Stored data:
▼▼▼

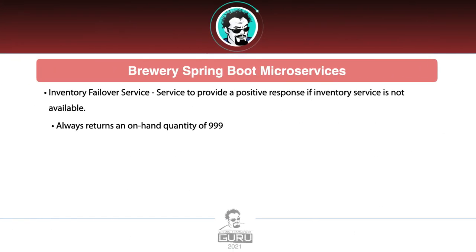Finally, the Inventory Failover Service. This is a failover — a common microservice pattern — so if things go away, in our hypothetical situation we want to always have inventory. If our Inventory Service goes down, the Inventory Failover Service is always going to return an on-hand quantity of 999, giving us a positive value of inventory. In our hypothetical situation, we want to always be able to serve an order and show that there is on-hand inventory available.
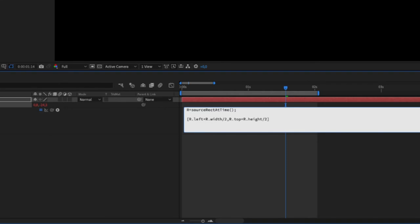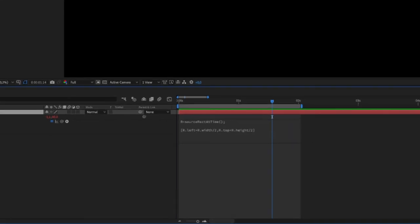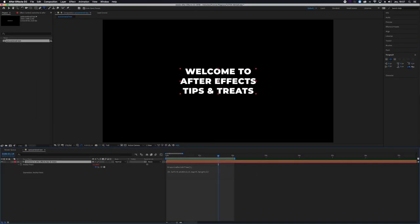close brackets, and we're done. The anchor point is now centered in the text.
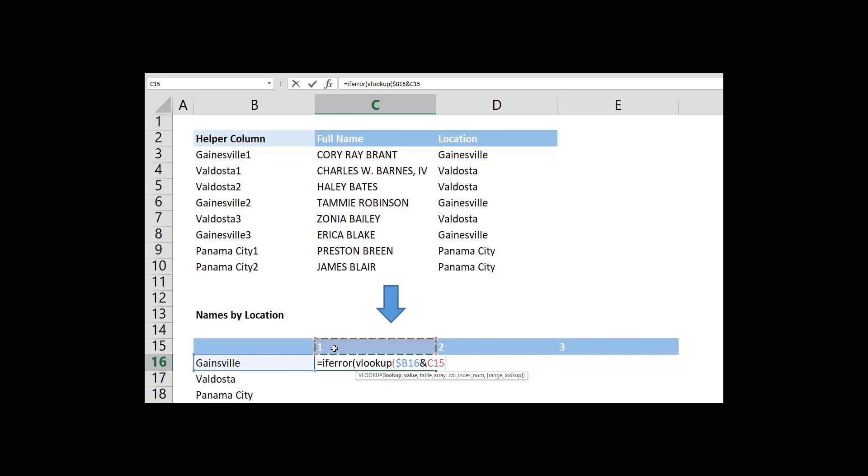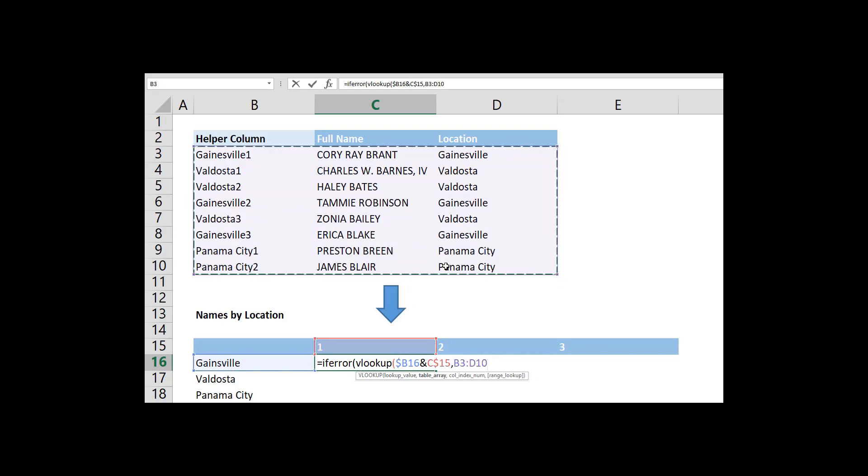It's also a good idea to use absolute values for the anchors and the lookup table to make it easier to copy down the formula.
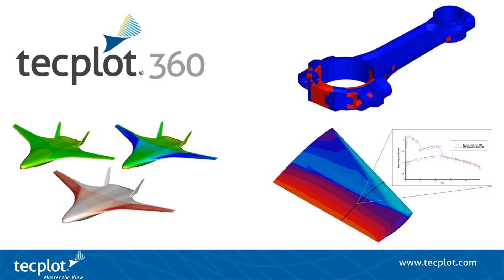You can download a free trial of TechPlot360 from our website. Thank you for watching.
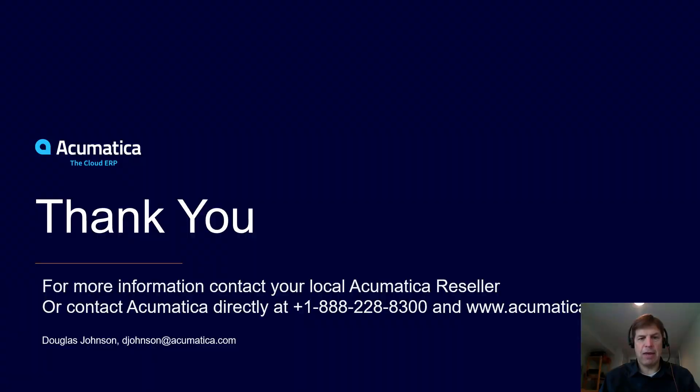For more information about Acumatica, visit our website or contact an Acumatica partner.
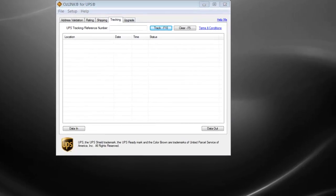Welcome to the demonstration on the tracking functionality within the free version of AusLink for UPS. The free version of AusLink provides a quick and easy way to retrieve tracking results for your UPS packages.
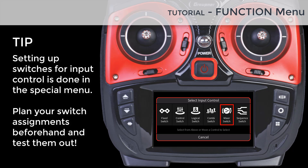Mixer switch activates a function when the mix is active. Sequencer is created in the Sequencer menu and is activated when the Channel Sequencer is active. These input controls are created in the special menu, which we will discuss in our next video. Please note that these input controls are available at any submenu where an input control can be assigned, providing a very flexible and powerful way for controlling channels on the MZ32.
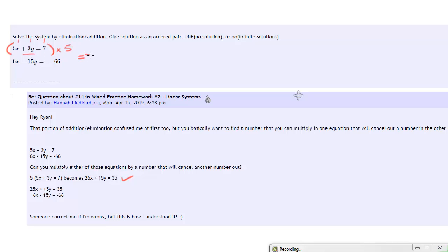So just to show again, this is just redoing what's down below. If you multiply each of those terms by 5 on top, we'll get 25x plus 15y equals 35.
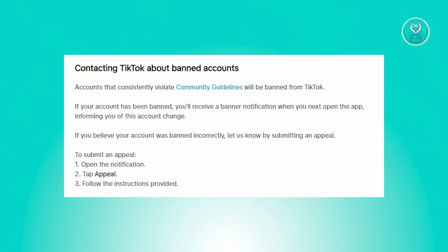First, you need to open the notification related to the account status change, and from there select the appeal option. Then adhere to the instructions outlined to complete the appeal submission.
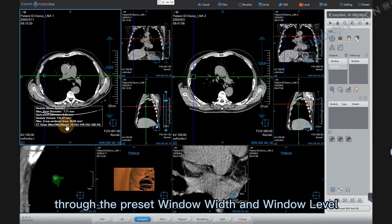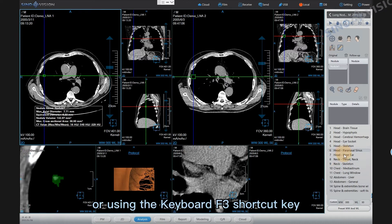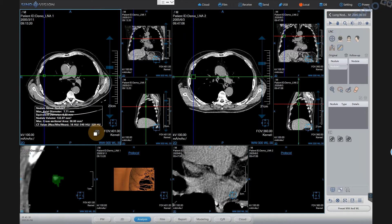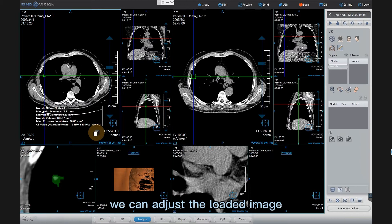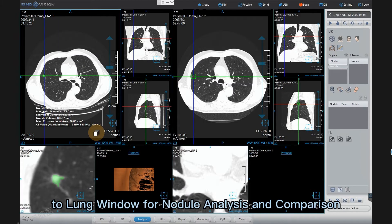Through the preset window width and window level, or using the keyboard F3 shortcut key, we can adjust the loaded image to lung window for nodule analysis and comparison.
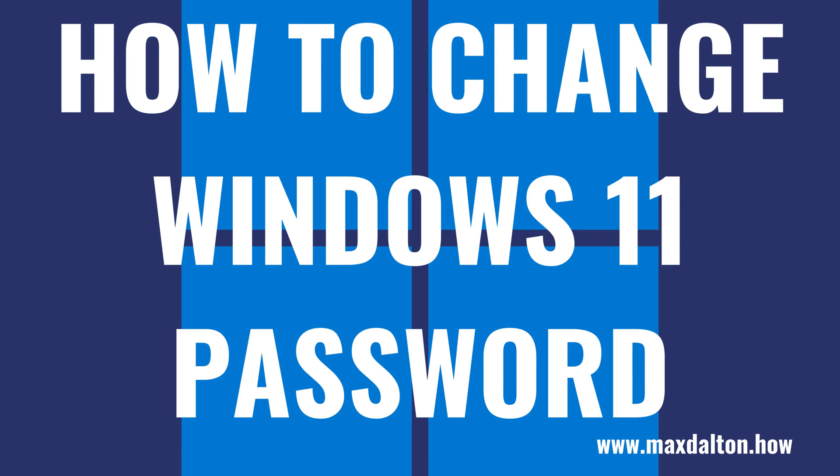What's up, everyone. I'm Max Dalton, and in this video I'll show you how to change your Windows 11 password.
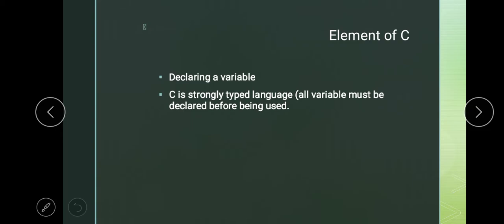Those variables we initialize in the main body when the curly bracket starts. We have to declare how many variables are being used and their data types — whether it is an integer, a string, a decimal, or what type. C is a strongly typed language, meaning all variables must be declared before being used.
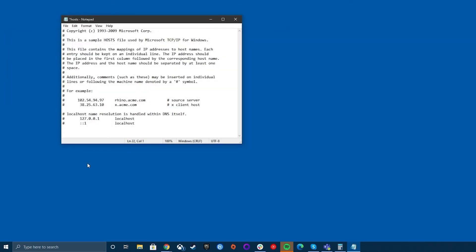Go to the last line of the page and add your own line. Let's say we're trying to block Facebook. Enter the localhost IP of 127.0.0.1, press the Tab key, and then enter facebook.com. Press Enter to go to the next line, then create a second line like the one above but this time type www.facebook.com. Open the command prompt and run ping facebook.com, then run ping www.facebook.com.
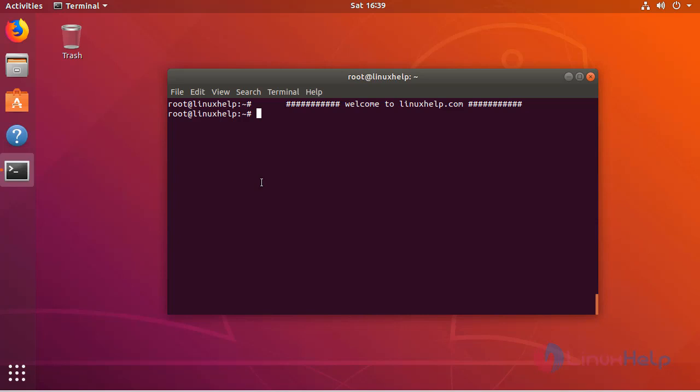Now let us see how to install XINE on Ubuntu 18.04. First of all, we have to update the system repository by using the apt-get update command.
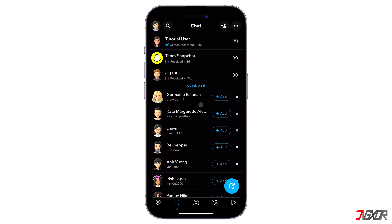Now, return to the Camera tab and try sending a snap. In the Send To screen, the shortcut should appear at the top as well.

▲▲▲

Output exactly the lines from the first line of the records through the line containing "Mixer switch activates". Leave out every picture.

Finally, the Inventory Failover Service. This is a failover — a common microservice pattern — so if things go away, in our hypothetical situation we want to always have inventory. If our Inventory Service goes down, the Inventory Failover Service is always going to return an on-hand quantity of 999, giving us a positive value of inventory. In our hypothetical situation, we want to always be able to serve an order and show that there is on-hand inventory available.
close brackets, and we're done. The anchor point is now centered in the text.
It's also a good idea to use absolute values for the anchors and the lookup table to make it easier to copy down the formula.
You can download a free trial of TechPlot360 from our website. Thank you for watching.
For more information about Acumatica, visit our website or contact an Acumatica partner.
Welcome to the demonstration on the tracking functionality within the free version of AusLink for UPS. The free version of AusLink provides a quick and easy way to retrieve tracking results for your UPS packages.
Mixer switch activates a function when the mix is active. Sequencer is created in the Sequencer menu and is activated when the Channel Sequencer is active. These input controls are created in the special menu, which we will discuss in our next video. Please note that these input controls are available at any submenu where an input control can be assigned, providing a very flexible and powerful way for controlling channels on the MZ32.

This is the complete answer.